Slavery played a significant role in African history, influencing societies, economies, and interactions with European powers. While many African kingdoms traditionally practiced slavery for domestic purposes, the arrival of European traders changed the nature of this system. The transatlantic slave trade turned human lives into commodities, fueling wars, wealth, and suffering. This article explores the Spanish slave trade in Bonny, the role of African slave owners, and how slavery shaped different regions, from Dahomey and Songhay to the Swahili coast and Zanzibar. It also examines how colonial powers used the abolition of slavery as a tool for domination.

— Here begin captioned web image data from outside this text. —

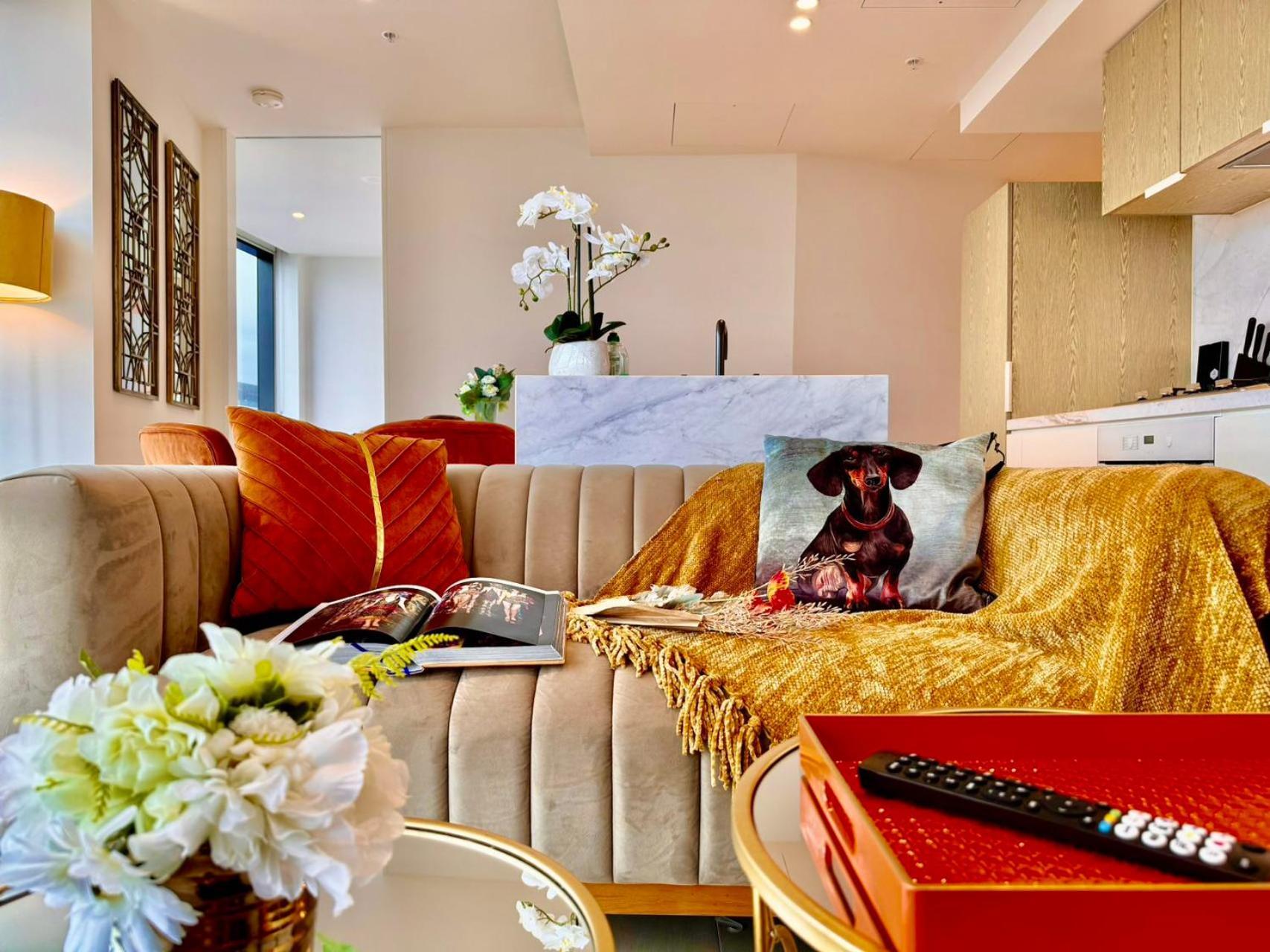 High Rise Top View 2Bed2Bath เมลเบิร์น ภายนอก รูปภาพ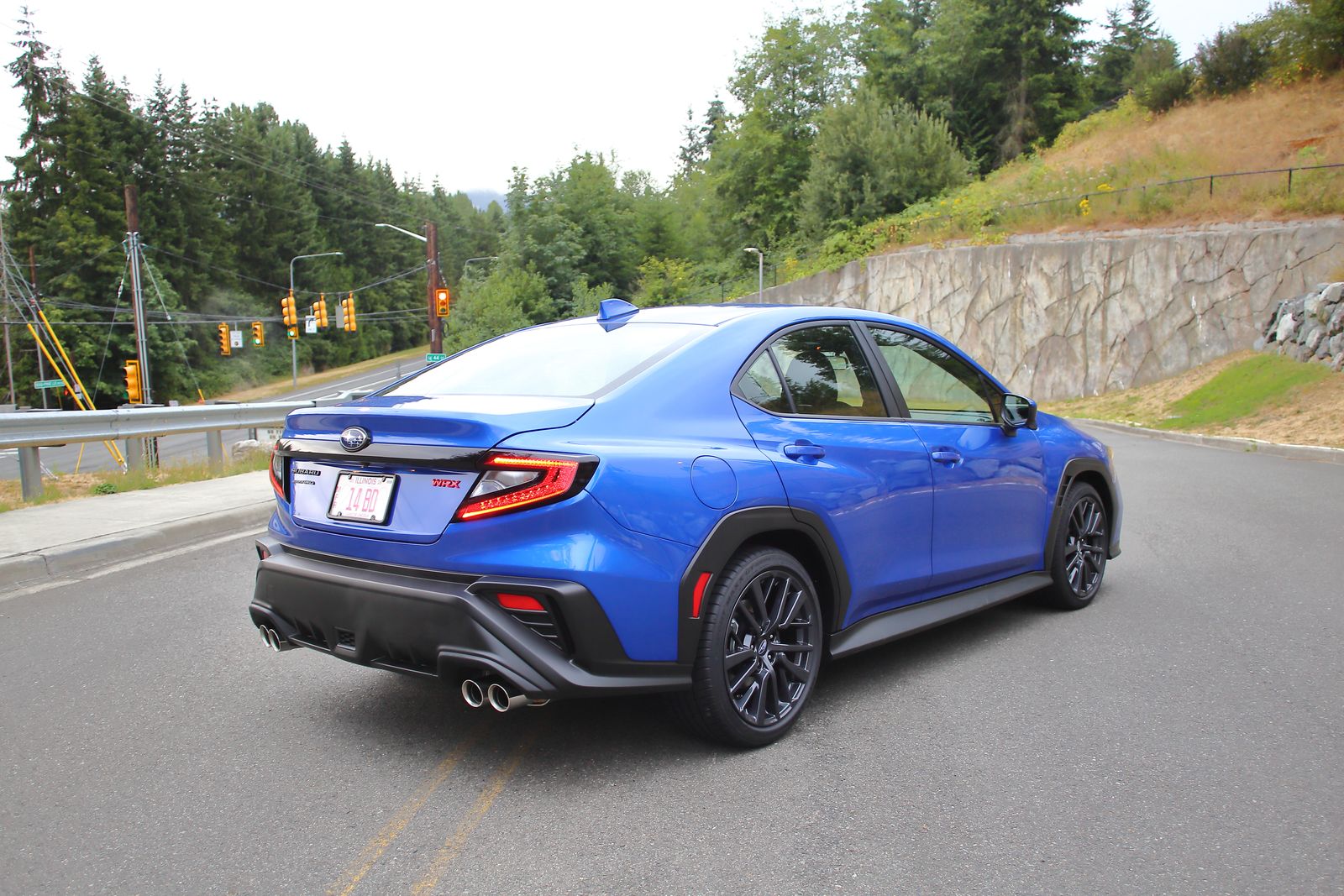 2026 Subaru WRX。(李奧/大紀元)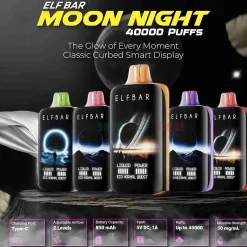 Elf Bar MoonNight 40000 Puffs Disposable Vape Wholesale 2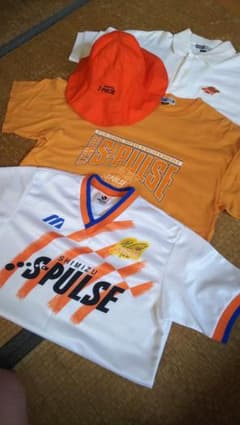オケイン様専用 1995年当時のS-PULSE シャツセットのサムネイル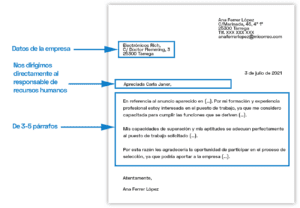 Cómo hacer una carta de presentación de 10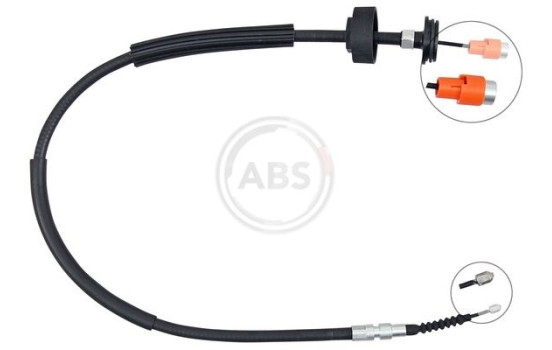 Cable, parking brake K15042 ABS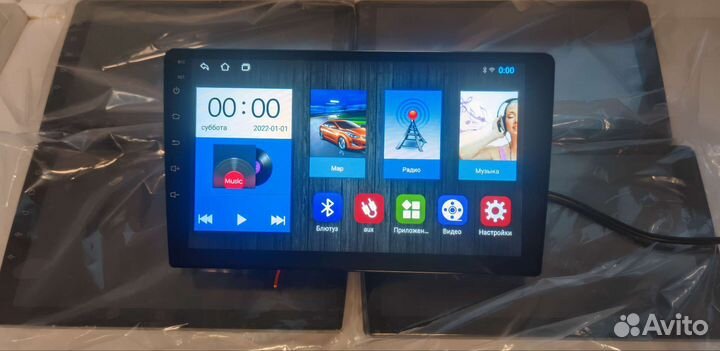 Магнитолы 2DIN Aндроид 7и9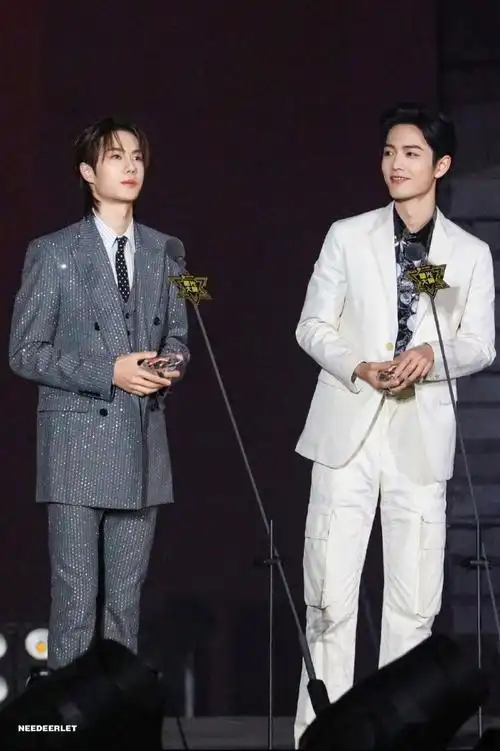 肖战王一博##肖战王一博同框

The Spanish Slave Trade at Bonny

The Celebrated Piratical Slaver L’ Antonio with others of the Black Craft lying in the Bonny River
The Celebrated Piratical Slaver L’ Antonio with others of the Black Craft lying in the Bonny River. Photo by: Tumblr

In the early 19th century, the Spanish merchant schooner L’Antonio was seen in the Bonny River (now in Nigeria), waiting to load African Slaves. Other slave ships were also present in the background. The scene appeared calm, but in reality, it was a part of the brutal transatlantic slave trade.

A small boat can be seen in the foreground, transporting captured Africans to the waiting ship. A crew member with a whip ensured that the captives remained under control. This lithograph was created in 1845, years after Britain had abolished the slave trade. However, at the time, countries like Cuba and Brazil were still importing enslaved Africans. The British Royal Navy worked to stop these activities by intercepting ships and repatriating freed Africans to places like Sierra Leone.

African Slave Owners

Slavery existed in Africa long before European involvement. Many African societies, especially those with kings and hierarchical governments, kept Slaves as a symbol of power and wealth. However, these enslaved individuals were mainly used for domestic work, not for large-scale commercial trade.

With the arrival of Europeans seeking labour for plantations in the Americas, the nature of African slavery changed. Some African rulers and merchants began selling slaves to Europeans in exchange for goods, weapons, and wealth.

African Kingdoms and the Slave Trade

The Dahomey Kingdom (Present-day Benin)

By the 18th century, the Kingdom of Dahomey became a major player in the transatlantic slave trade. The Dahomey rulers waged wars against neighbouring kingdoms, capturing thousands of people and selling them into slavery.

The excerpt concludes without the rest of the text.